WHAT THE TASK REQUIRES:
Using the material below, print a verbatim copy of every line from the one containing "Dropped Shoulder Sweater" through the one containing "Hermes Hermès Yellow", inclusive, and omit the pictures.

PROVIDED RECORDS:

***

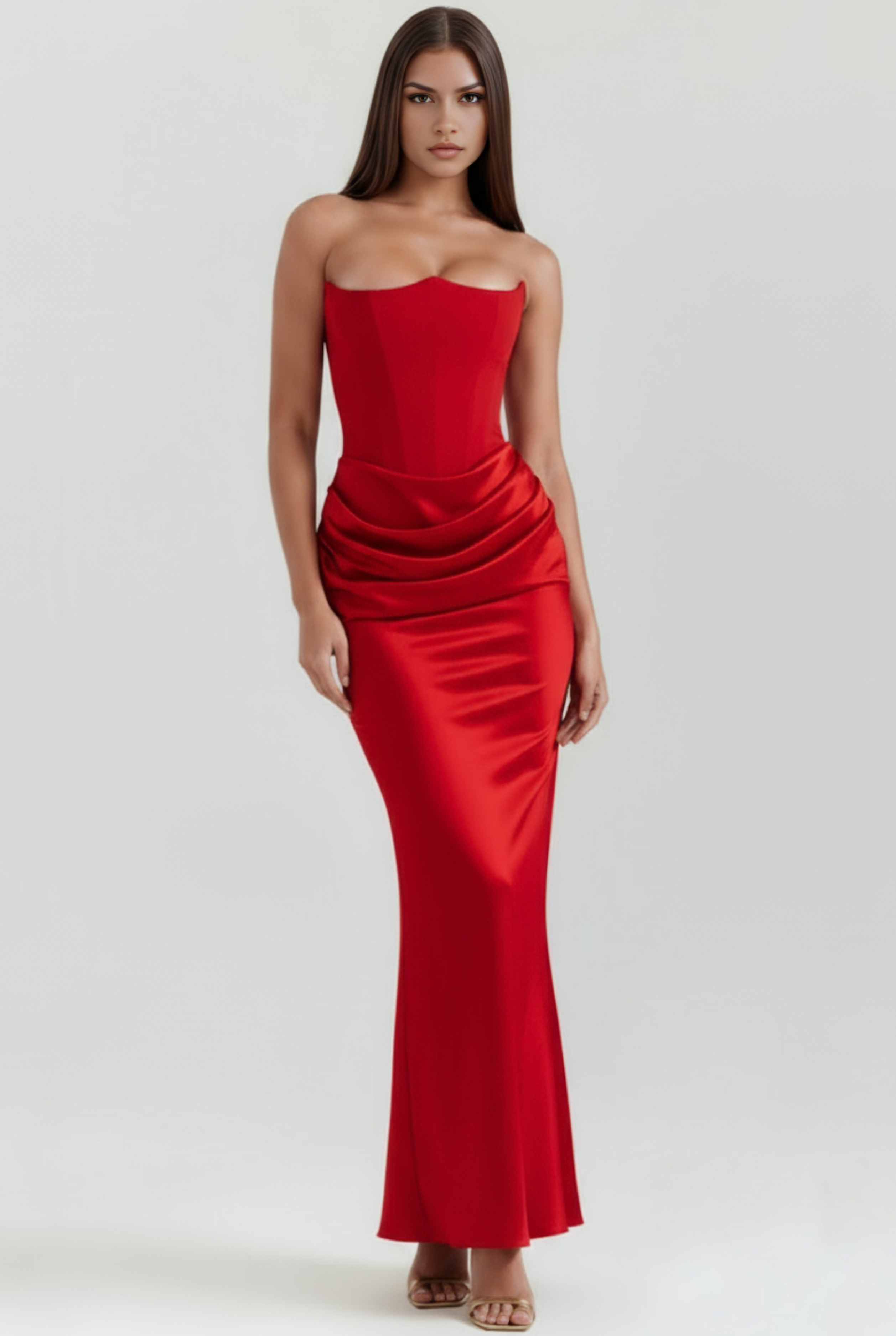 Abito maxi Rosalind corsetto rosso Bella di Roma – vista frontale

***

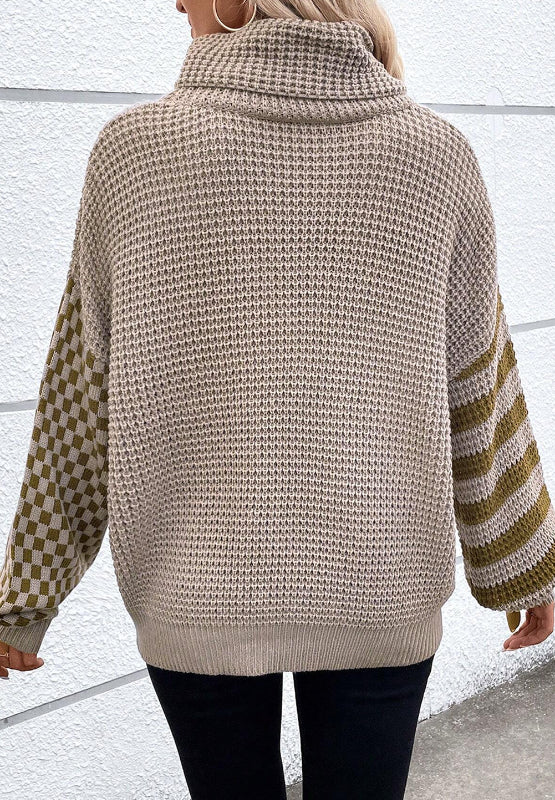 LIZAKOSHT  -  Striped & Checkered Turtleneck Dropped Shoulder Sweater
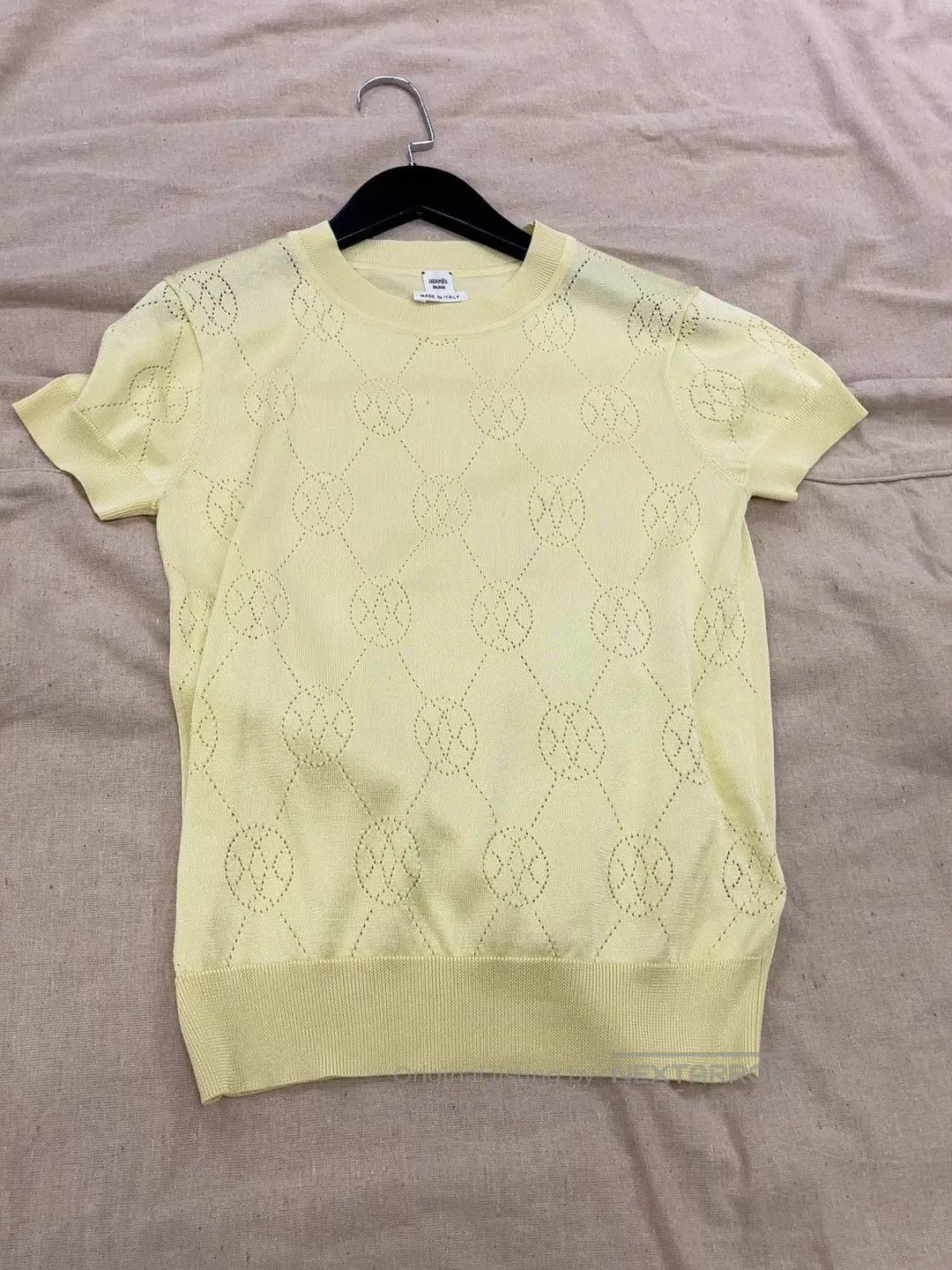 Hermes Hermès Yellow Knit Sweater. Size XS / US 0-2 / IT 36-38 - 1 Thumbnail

***

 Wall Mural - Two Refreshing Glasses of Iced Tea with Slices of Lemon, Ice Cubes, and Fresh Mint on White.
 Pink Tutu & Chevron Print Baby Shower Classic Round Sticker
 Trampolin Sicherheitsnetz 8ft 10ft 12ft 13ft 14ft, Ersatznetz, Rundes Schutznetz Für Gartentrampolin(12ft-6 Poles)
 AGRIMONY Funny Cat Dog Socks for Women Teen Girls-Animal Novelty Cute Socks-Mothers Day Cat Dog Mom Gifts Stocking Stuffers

***

SOLUTION TO THIS EXERCISE:
 LIZAKOSHT  -  Striped & Checkered Turtleneck Dropped Shoulder Sweater
 Hermes Hermès Yellow Knit Sweater. Size XS / US 0-2 / IT 36-38 - 1 Thumbnail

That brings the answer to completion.